Kepadatan kendaraan di ruas Tol Jagorawi, Cibubur, Jakarta Timur, Senin (5/7/2021). Meskipun telah diterapkan Pemberlakuan Pembatasan Kegiatan Masyarakat (PPKM) Darurat, ruas Tol Jagorawi terpantau padat. /Antara
Sebelumnya, Anggota Ombudsman RI Robert Na Endi Jaweng mengatakan konsistensi kebijakan dari pemerintah pusat sangat penting agar petugas pelaksana di lapangan tidak kebingungan dalam mengimplementasikan kebijakan tersebut.
Salah satu kebijakan yang mencerminkan inkonsistensi dari pemerintah pusat adalah masih dibukanya pintu masuk internasional.
"Indonesia saat ini berada dalam situasi yang sangat serius dalam menghadapi penyebaran Covid-19. Kita melihat bahwa kapasitas pemerintah masih belum memadai jika dibandingkan negara lain yang membuka pintu internasionalnya,” katanya beberapa waktu lalu.
Senada, Sosiolog dari Universitas Nasional Sigit Rohadi menilai kondisi pandemi Covid-19 di Indonesia diperparah oleh pemerintah dengan kebijakannya yang setengah-setengah. Alih-alih mengambil kebijakan radikal yang bisa menekan penyebaran virus, pemerintah justru memilih bermain aman dengan kebijakan populis.
“Karena pengambil kebijakan kita dasarnya adalah politisi.
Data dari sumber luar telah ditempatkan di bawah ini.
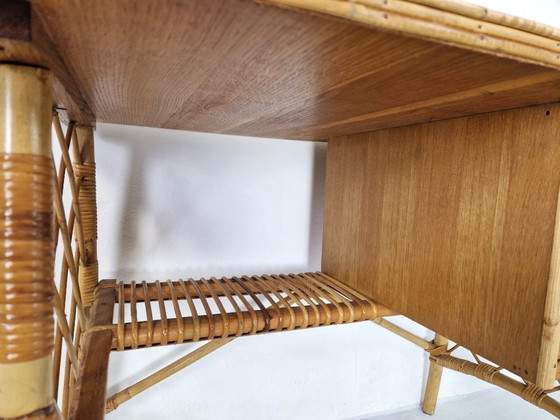 Image 1 of Vintage Louis Sognot Desk, Rattan 1960s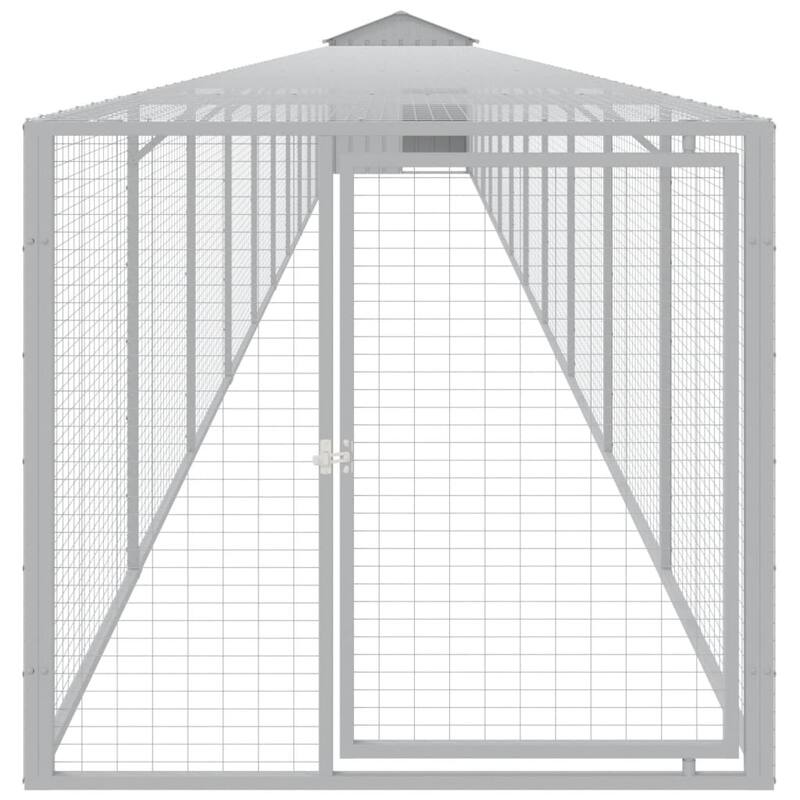vidaXL Chicken Cage with Run Light Gray/Anthracite multisize Galvanized Steel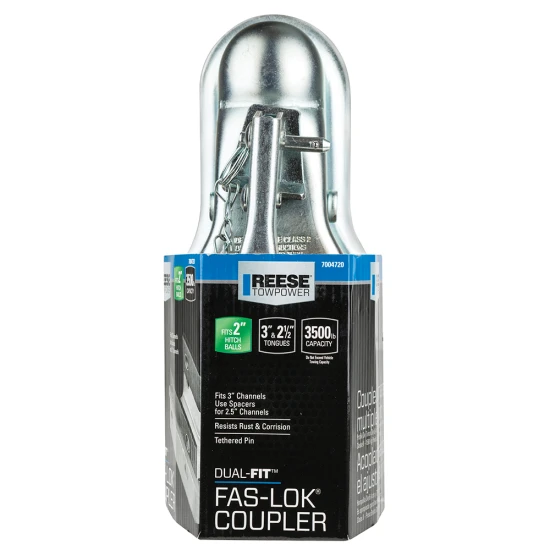 REESE Towpower coupler, dual-fit with trigger latch and tethered pin
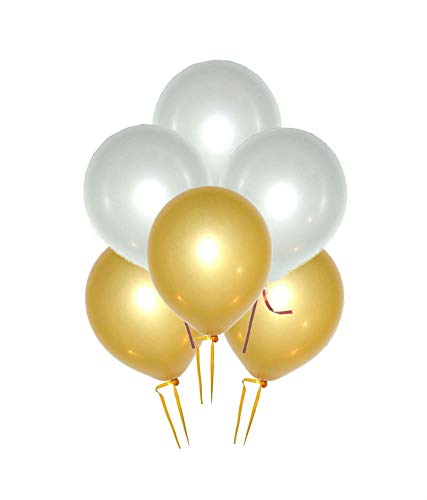 Evisha HD Big Size 50 pcs Metallic | Latex Balloons | Theme Party, Party Decoration | Birthday Party Balloons | Balloons for Party Decoration (White Golden) - Image 5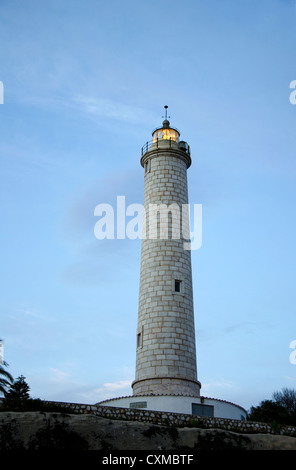 Lighthouse, El Faro, La Cala de Mijas, Malaga Andalusia, Spain, in evening light. Stock Photo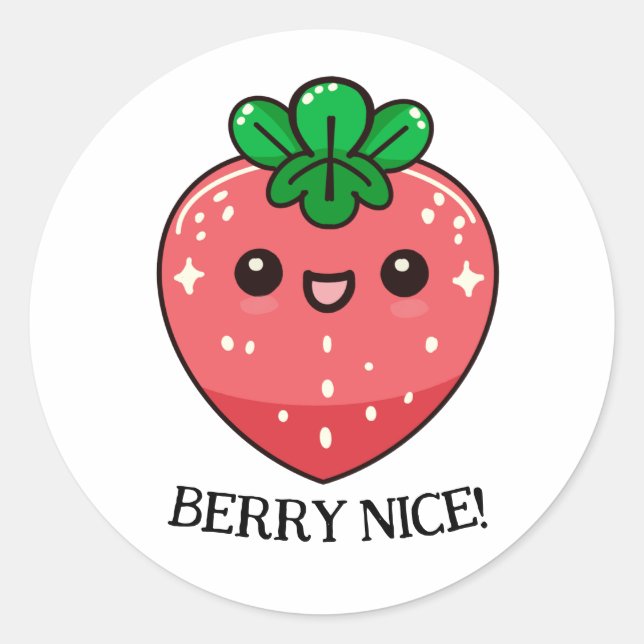 Kawaii Strawberry Motivation Personalizable Classic Round Sticker (Front)
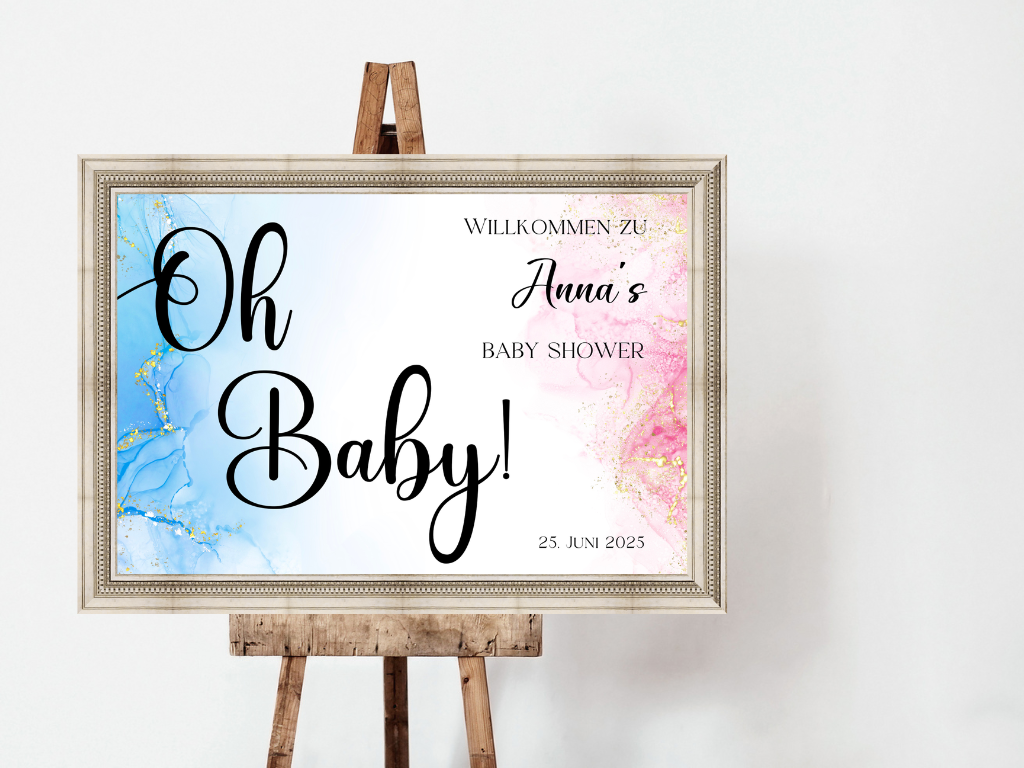 Willkommensschild Baby Shower , Gender Reveal - Leinwand , Poster - blau rosa EVA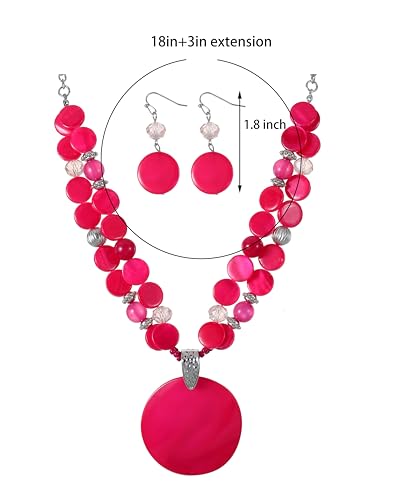 Layered Beads Statement Fashion Necklace Chunky Jewelry Set Big Colorful Glass Stone Circle Shell Pendant Choker Necklace and Earring Set for Women - color: Hot pink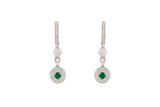 Asfour Drop Earrings With Green Cluster Deisgn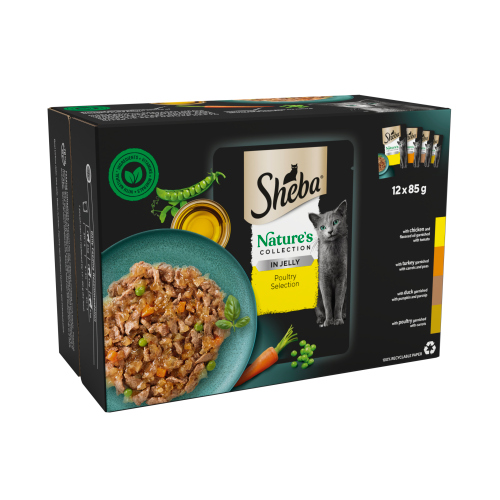 SHEBA NATURES COLLECTION CAT POUCHES POULY COLLECTION IN JELLY 12PK 85G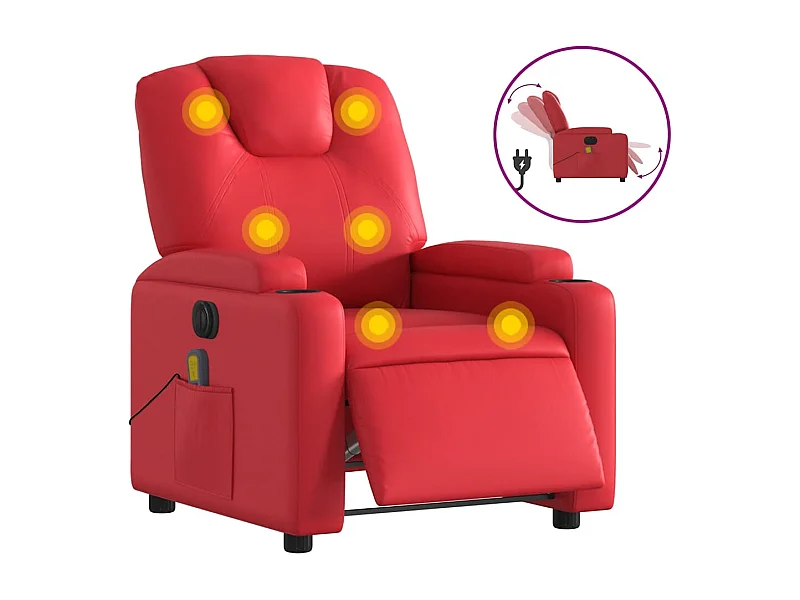 Fauteuil inclinable électrique-Fauteuil de massage pour Salon rouge similicuir SHL3095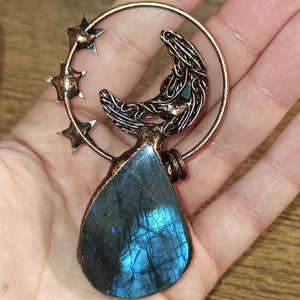 Pendentif Lune Labradorite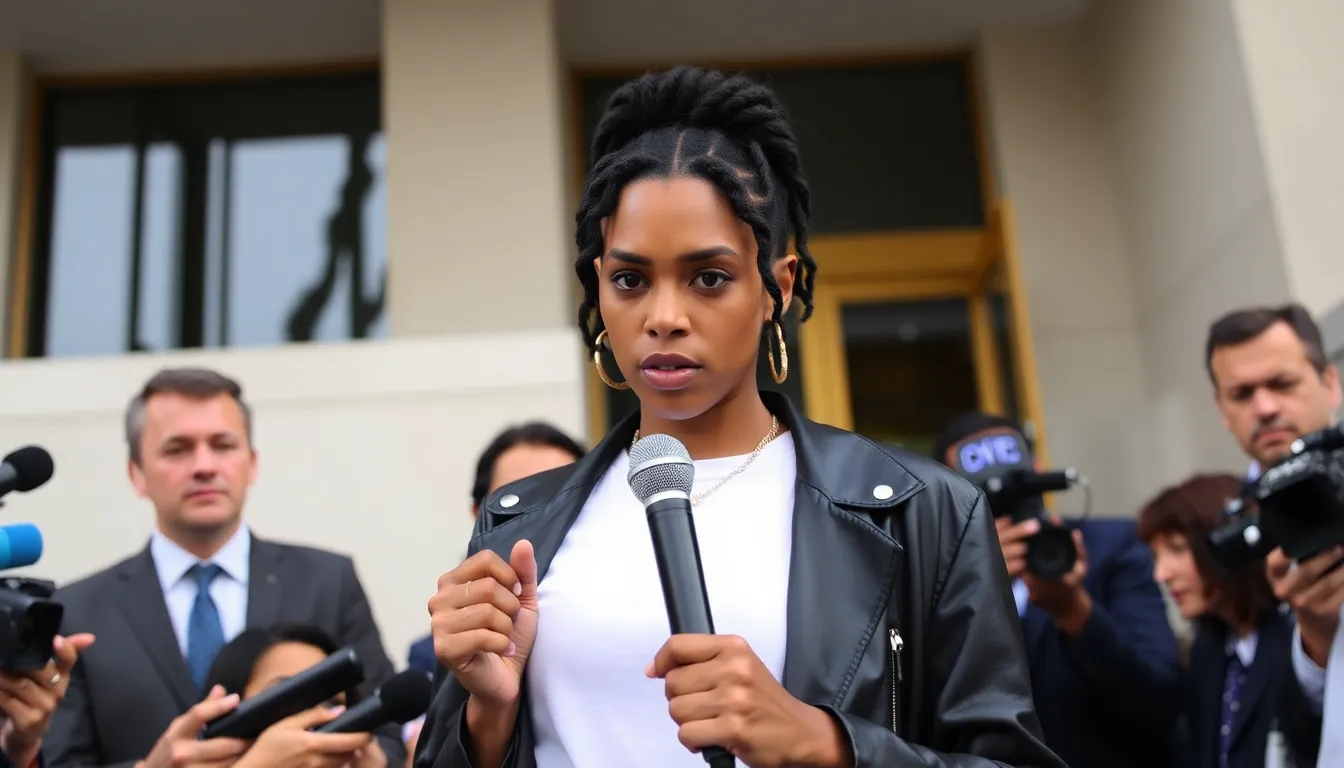A courtroom sketch depicting the legal proceedings between FKA Twigs and Shia LaBeouf, illustrating the serious nature of the allegations and the discussion surrounding NDAs
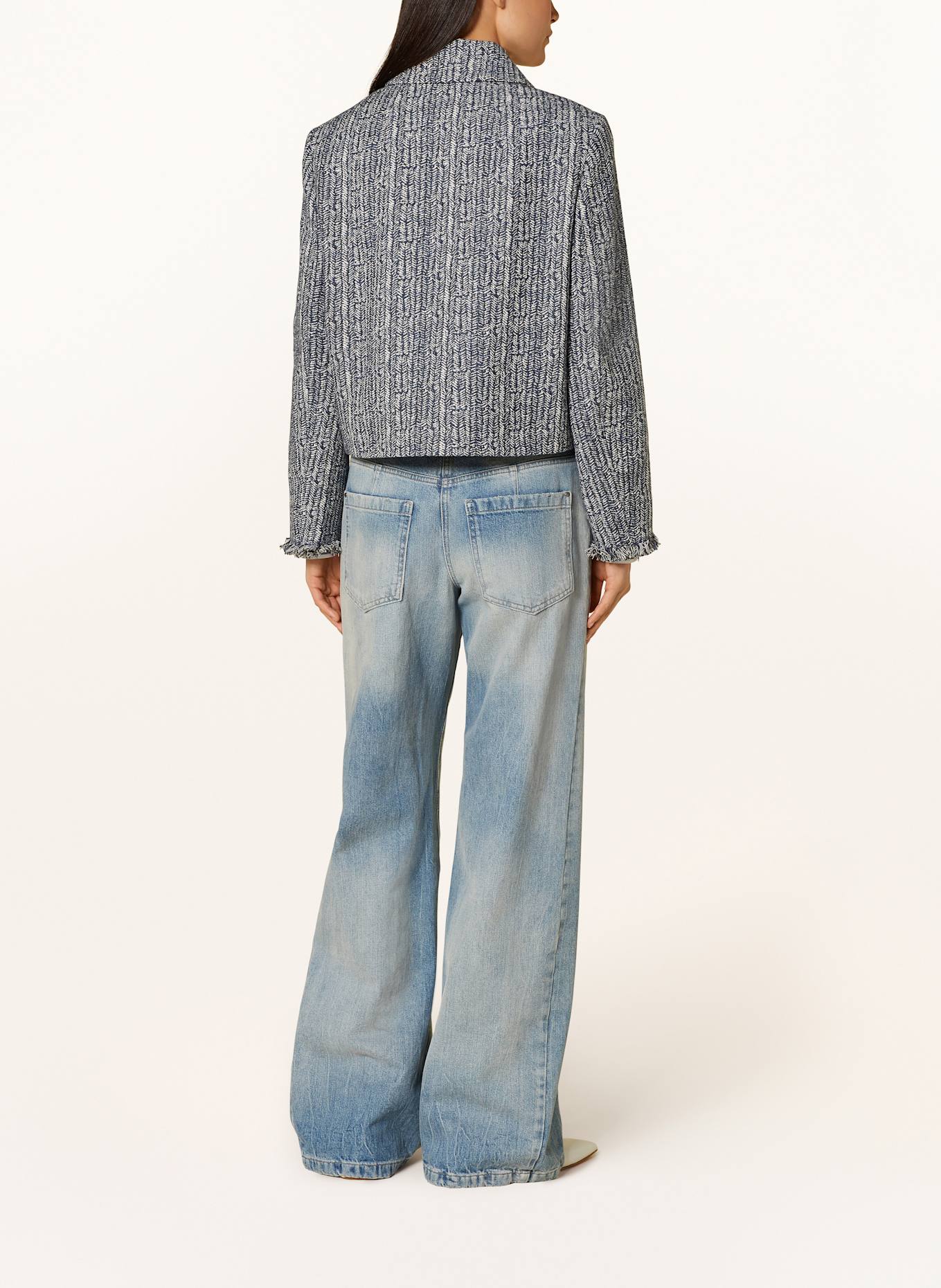 LUISA CERANO Kastenjacke aus Tweed: DUNKELBLAU/ WEISS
Mereka bukan mengambil kebijakan yang tepat untuk menyelesaikan masalah, tetapi kebijakan yang disenangi masyarakat walaupun itu tak menyelesaikan masalah. Tentunya agar dipilih kembali,” katanya kepada Bisnis belum lama ini.
Sementara itu, Juru Bicara Satgas Penanganan Covid-19 Wiku Adisasmito menegaskan pemerintah, baik pusat maupun daerah akan konsisten dalam implementasi kebijakan penanganan Covid-19, khususnya PPKM darurat.
Dia sudah meminta kepala daerah segera menindaklanjuti Instruksi Menteri Dalam Negeri No. 19 dan 20/2021 dengan jajaran Forkopimda dan pihak-pihak terkait lainnya agar berjalan dengan efektif dan tepat sasaran.